И девочка стала читать из Пушкина. Руководительница детского дома тов. Рубинчик очень любит девочку.
— Мы обучаем Нину русскому языку и русской литературе, как, впрочем, и всех детей. Пусть вырастет, а там пусть решает на здоровье, кто она такая — русская или еврейка.
Есть в доме и китайчонок, маленький примерный мальчик. Он говорит и по-русски, и по-еврейски, и по-китайски. Когда я спросил, как его зовут, он ответил басом:
— Антон".
Радужные мечты и беспощадная реальность
Ещё в 1936 году арестовали, а весной 1937 года расстреляли Иосифа Либерберга, первого председателя исполкома ЕАО. В начале 1937 года был снят с должности и исключён из партии, а несколько месяцев спустя арестован и расстрелян его преемник Михаил Каттель. Но об этом в очерке Петрова не сообщалось. Он застал и изобразил Еврейскую автономию рассветной поры, его Биробиджан — город весёлый и устремлённый в светлое будущее. Если описываются недостатки и проблемы — то, во-первых, неизбежные при созидании нового, а во-вторых — преодолимые. Биробиджан у Петрова хотя и "не представляет ещё земного рая", но явно находится на пути к этой цели. "Пусть читателей не пугает вид ухабов и луж. Это было летом прошлого года. Теперь их, по всей вероятности, уже нет на этой улице. Прошлым летом улицу начали мостить брусчаткой", — пишет Петров. Вот-вот по свежей брусчатке проедет легковая облисполкомовская "эмка", праздно сверкающая чёрным лаком из-под навеса. А пока ответственные работники ласково похлопывают её по фарам, а потом со вздохом садятся в более проходимый "газик"…
Евгений Петров признавался, что ему не хотелось уезжать ни из Комсомольска, ни из Магадана, ни из Биробиджана — молодых городов Дальнего Востока:
При всех своих технических недостатках города эти обладают удивительной притягательной силой".

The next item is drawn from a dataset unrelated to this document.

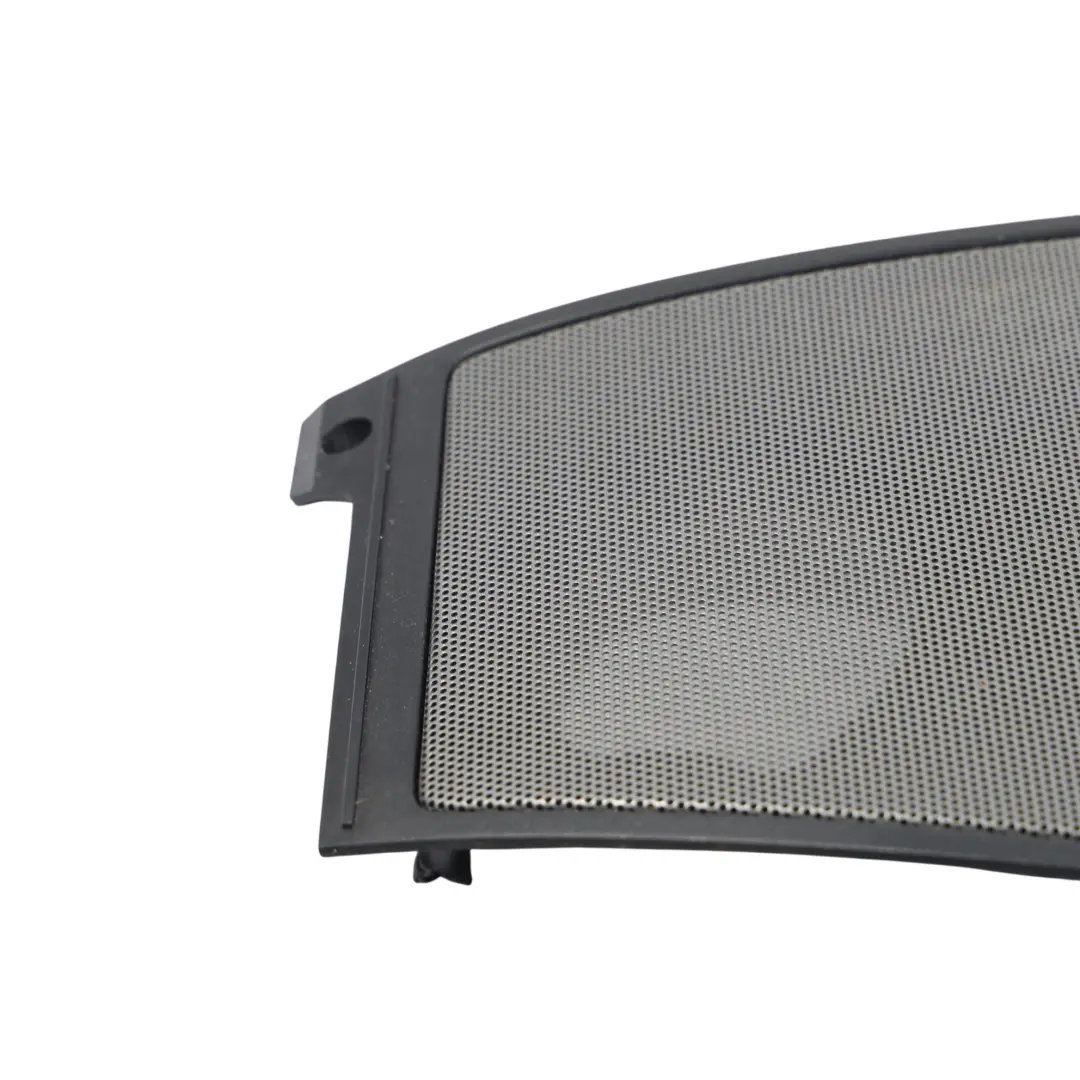 Kratka Głośnika Drzwi Lewy Przód do Land Rover 4 L319 o numerze AH22-18K887-AAW Land Rover 4 L319 Kratka Głośnika Drzwi Lewy Przód - SKU AH22-18K887-AAW - Numer Części AH22-18K887-AAW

Но уехать, конечно, пришлось. В планах писателя была книга — не то о Колыме и "перековке" осуждённых, не то о Дальнем Востоке в целом. Возможно, крест на этом замысле поставила начавшаяся в стране ежовщина. Многие дальневосточные собеседники Петрова попали под репрессии, и стало ясно: для книги уже (или ещё) не время. Всё ограничилось очерками в "Огоньке", а потом началась война. Летом 1942 года военкор Евгений Петров — брат Валентина Катаева, прототип Павлика из его повести "Белеет парус одинокий" (12+) и милиционера Володи Патрикеева из книги Александра Козачинского "Зелёный фургон" (12+), — погиб в авиакатастрофе, возвращаясь из осаждённого Севастополя.